*WORK TASK*
Exactly as they stand, give the records below again, with no images.

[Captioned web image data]
◇ ◇ ◇ ◇ ◇

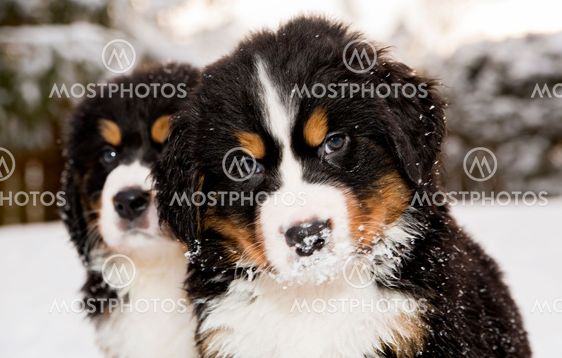 Bernese mountain dog puppest looking at camera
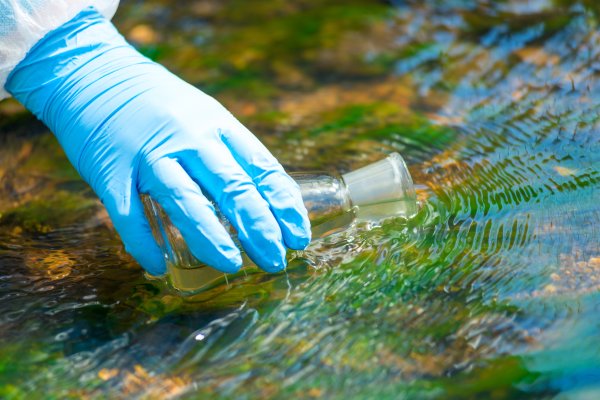 A gloved hand takes samples from a stream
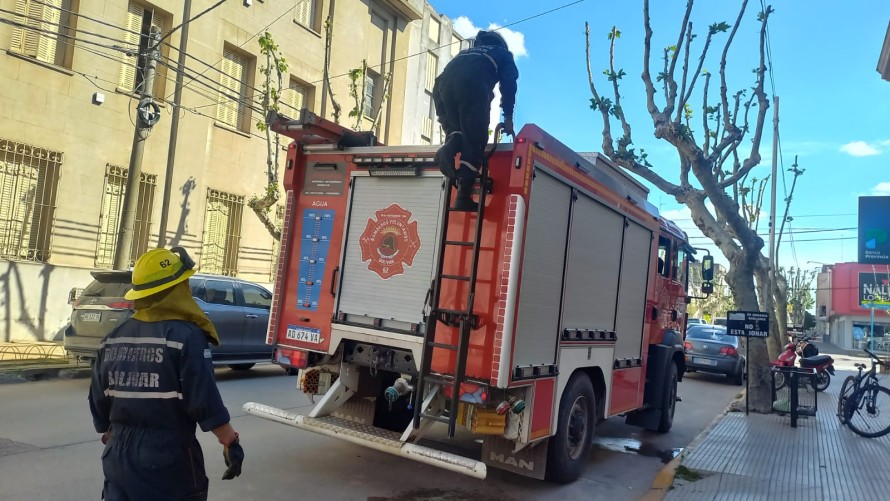 Bomberos Voluntarios de Bolívar y el singular rescate de una paloma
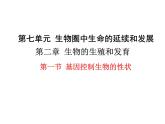 人教版八年级生物下册--第一节 基因控制生物的性状（课件）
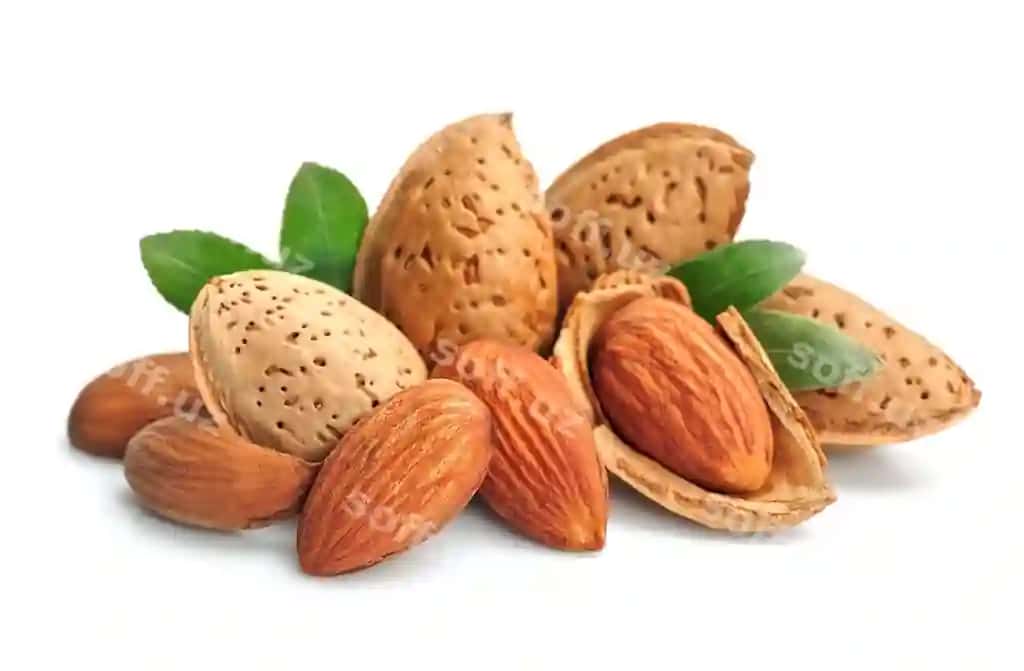 Badem bilan yaproqlar yaxlitlangan | Almonds with leaves closeups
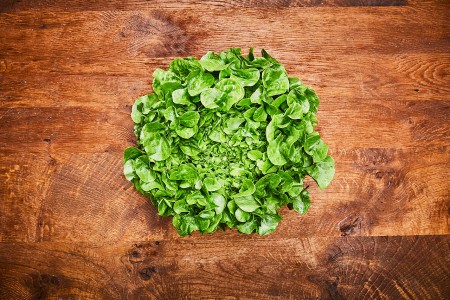 Eichblattsalat grün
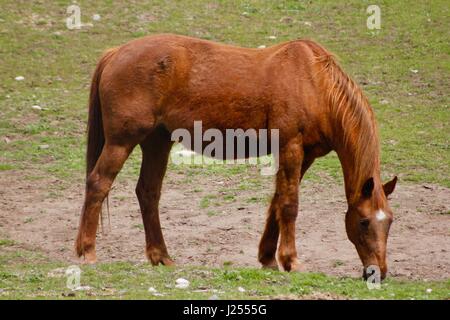 Tiere der Kaleden, BC Stockfoto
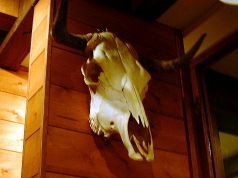京松 グリル 肉ビストロの写真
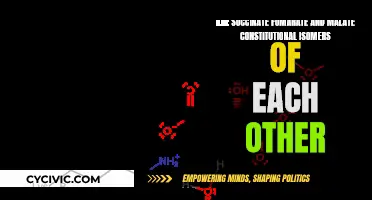 Succinate, Fumarate, and Malate: Constitutional Isomers in Comparison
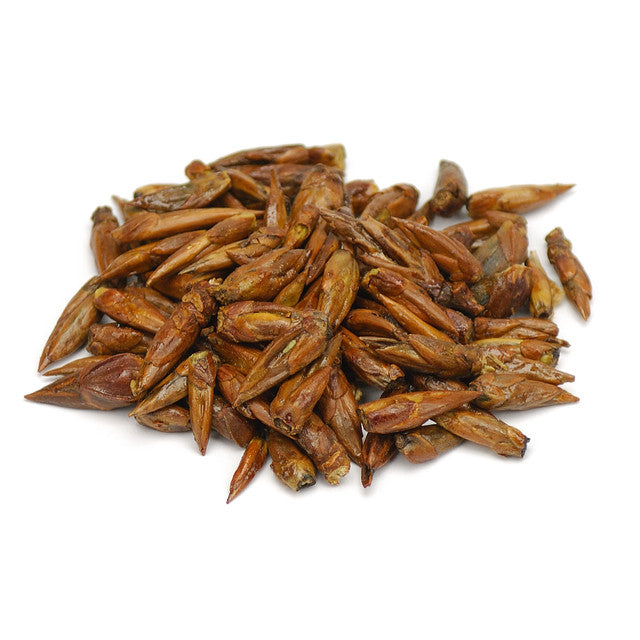 balm in gilead tobacco factory Balm of Gilead Organic balm in gilead tobacco factory Balm of Gilead Organic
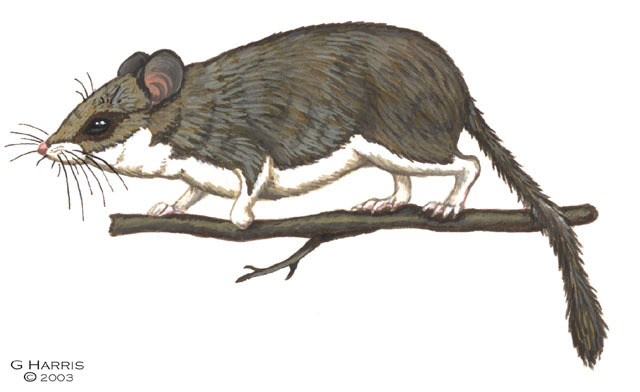 Rodentia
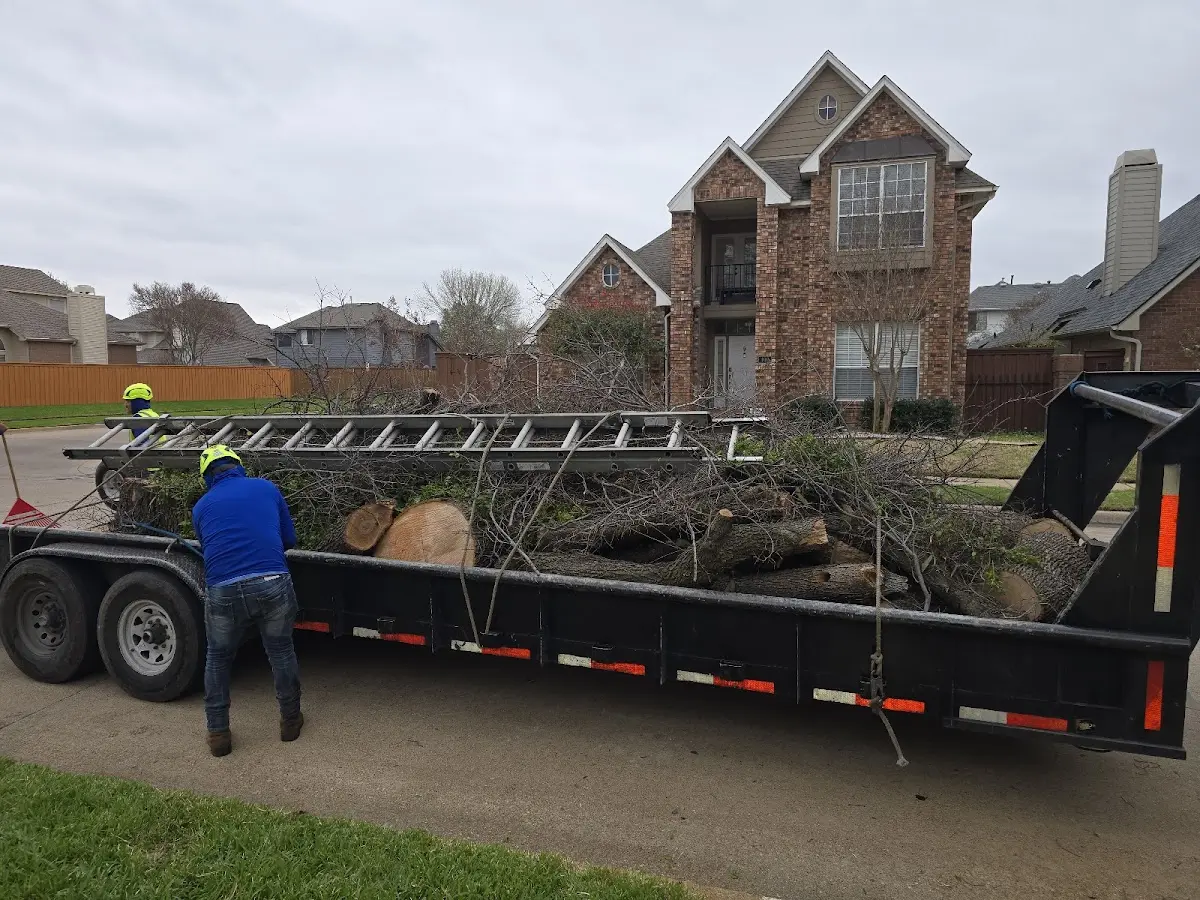 Expert Tree Fertilization with proper safety equipment in Livingston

◇ ◇ ◇ ◇ ◇

*EXERCISE OUTPUT*
 Bernese mountain dog puppest looking at camera
 A gloved hand takes samples from a stream
 Bomberos Voluntarios de Bolívar y el singular rescate de una paloma
 人教版八年级生物下册--第一节 基因控制生物的性状（课件）
 Badem bilan yaproqlar yaxlitlangan | Almonds with leaves closeups
 Eichblattsalat grün
 Tiere der Kaleden, BC Stockfoto
京松 グリル 肉ビストロの写真
 Succinate, Fumarate, and Malate: Constitutional Isomers in Comparison
 balm in gilead tobacco factory Balm of Gilead Organic balm in gilead tobacco factory Balm of Gilead Organic
 Rodentia
 Expert Tree Fertilization with proper safety equipment in Livingston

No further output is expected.